Prep 5 mins
Cook 3 mins
A "calzone" for those watching their carb intake. Use a low-carb tortilla or lavash to wrap up the filling - just remember to add those grams when counting your carbs. They have NOT been added in the nutrition info here.
- 4 ounces cooked chicken, shredded
- 2 teaspoons pesto sauce
- 1 sun-dried tomato, sliced
- 2 tablespoons ricotta cheese
- 2 tablespoons mozzarella cheese, shredded
- 2 tablespoons tomato sauce
- Spread pesto in a thin layer on a low- carb tortilla (3g. net carbs).
- Place tomato pieces evenly over one half.
- Dollop ricotta over the tomatoes.
- Place chicken evenly over ricotta.
- Sprinkle mozzarella over chicken.
- Carefully slide the open-faced sandwich into a heated skillet over medium-low heat.
- Cook until tortilla is softened, then fold the "empty" half over the chicken half.
- Cover with a lid and reduce heat to low.
- Cook for a minute, then uncover and carefully flip the "calzone" over to the other side.
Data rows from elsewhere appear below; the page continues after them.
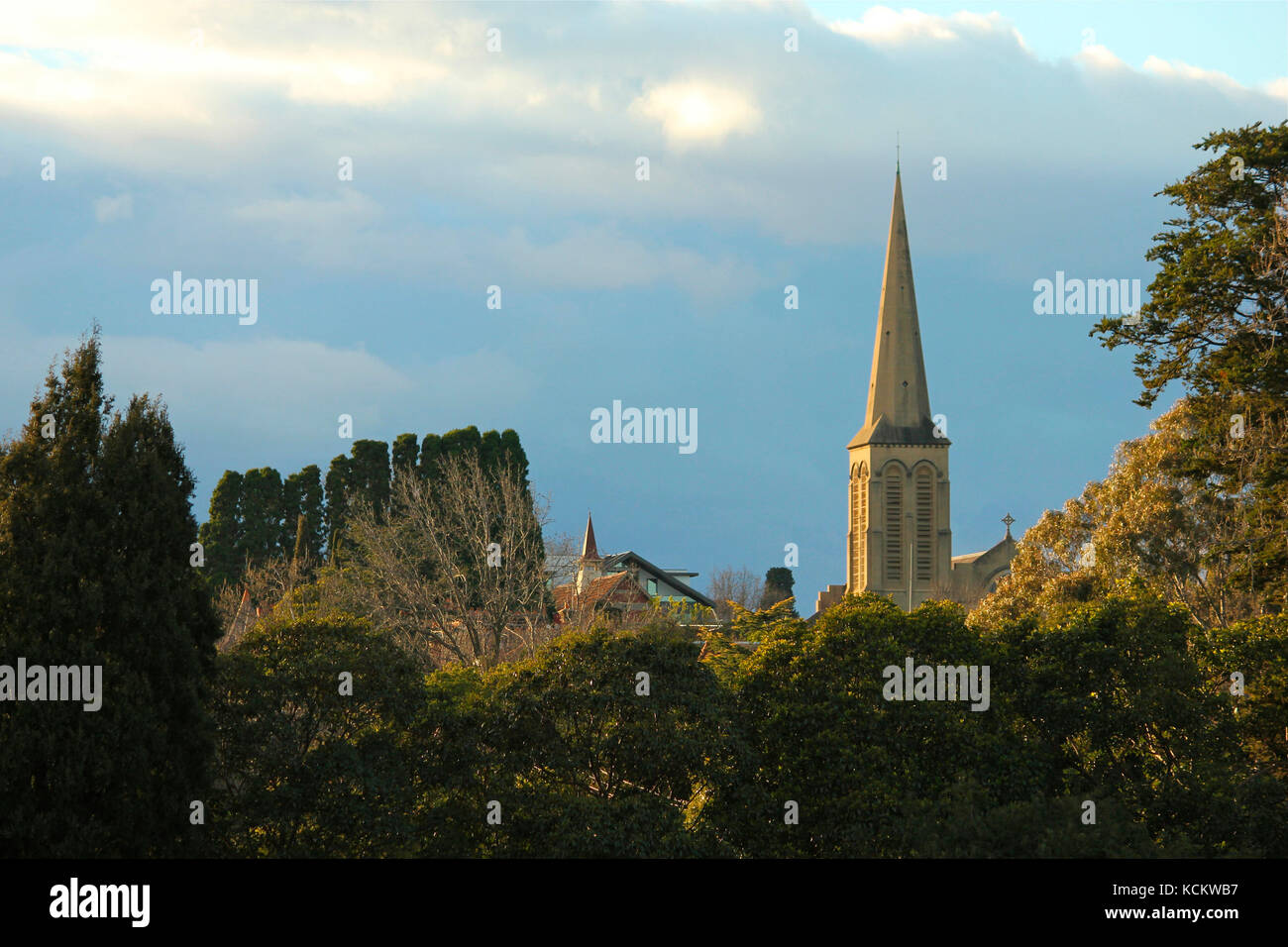 Spire of St Mark’s Anglican Church, Camberwell, Melbourne, Victoria, Australie Banque D'Images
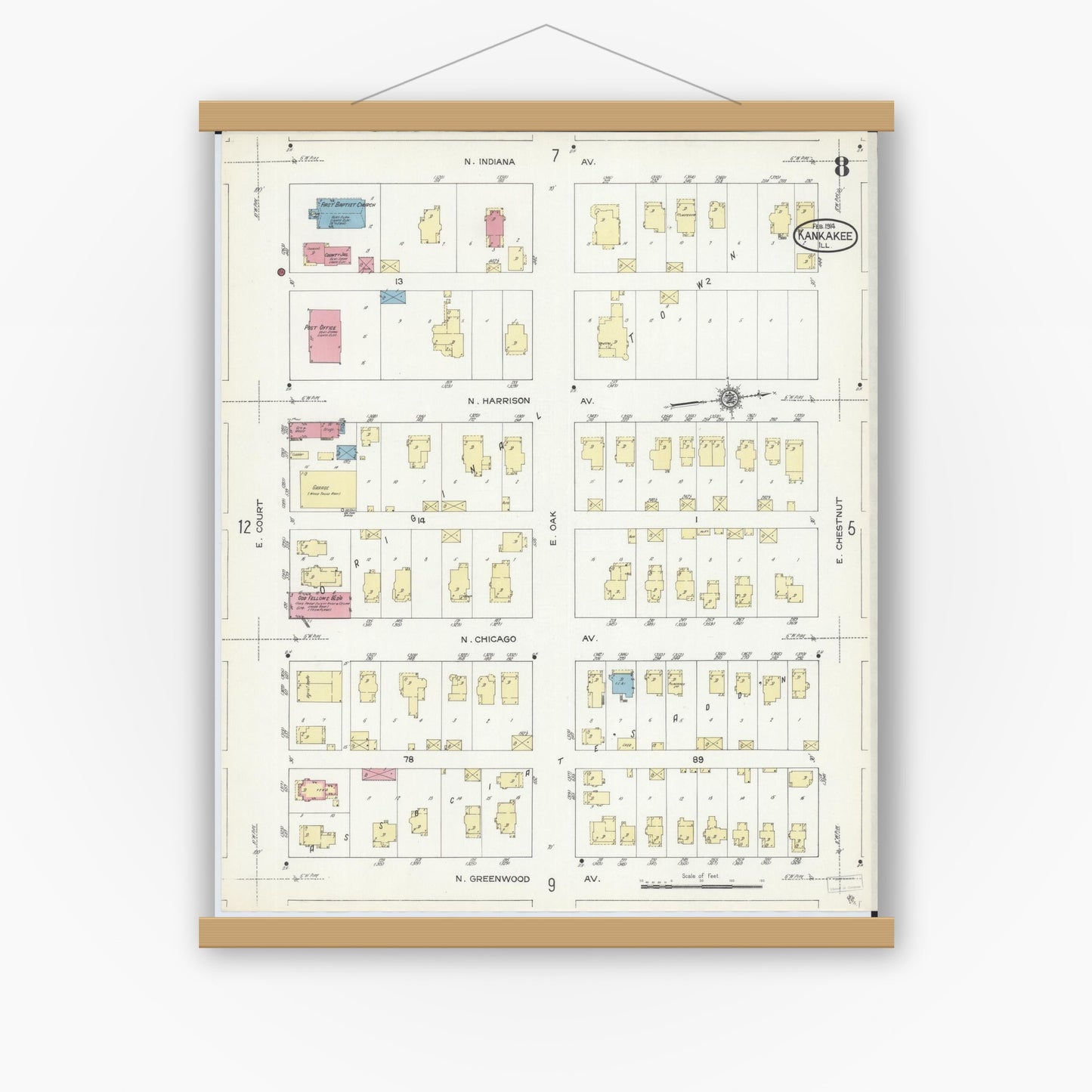 Old map wall art mockup — magnetic wood frame on white wall — Sanborn Fire Insurance Map from Kankakee, Kankakee County, Illinois (1914), Sheet #0008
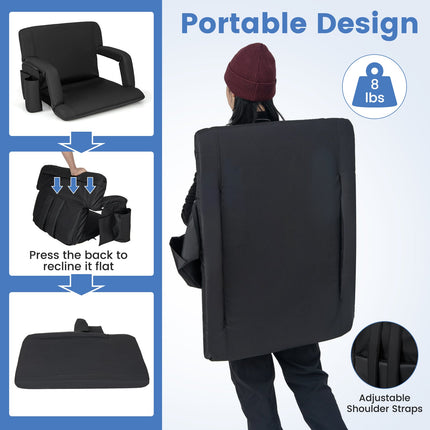 Stadium Seat for Bleachers with Back Support 6 Adjustable Positions-Black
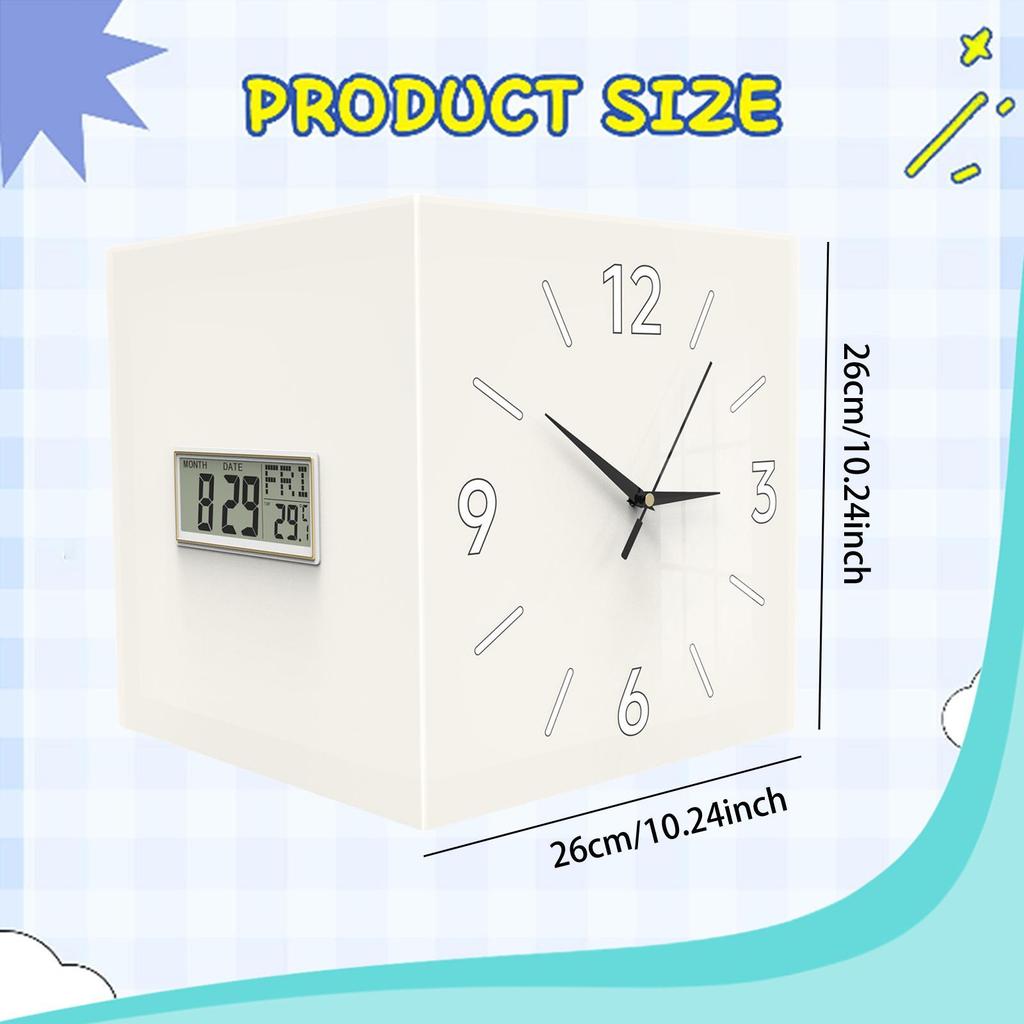 Corner Wall Clock Ornament Quiet Decorative Clock Month Date Week Display for Living Room Dining Room Kitchen Home Decoration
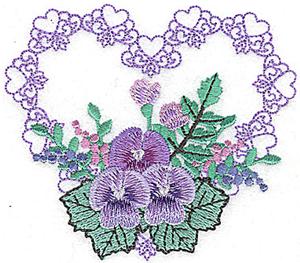 Pansies in Heart J / small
- Cover and cook 1 more minute, till hot and cheese is melted.
- Slide "calzone" onto a serving plate and spread the tomato sauce over the top.
- Using a 3 net carb tortilla or lavash, this "calzone" has just over 7 net carbs.
This was good -- though I used diced chicken instead of shredded, just because that is what I had. Served on a tortilla. Quite tasty and very simple.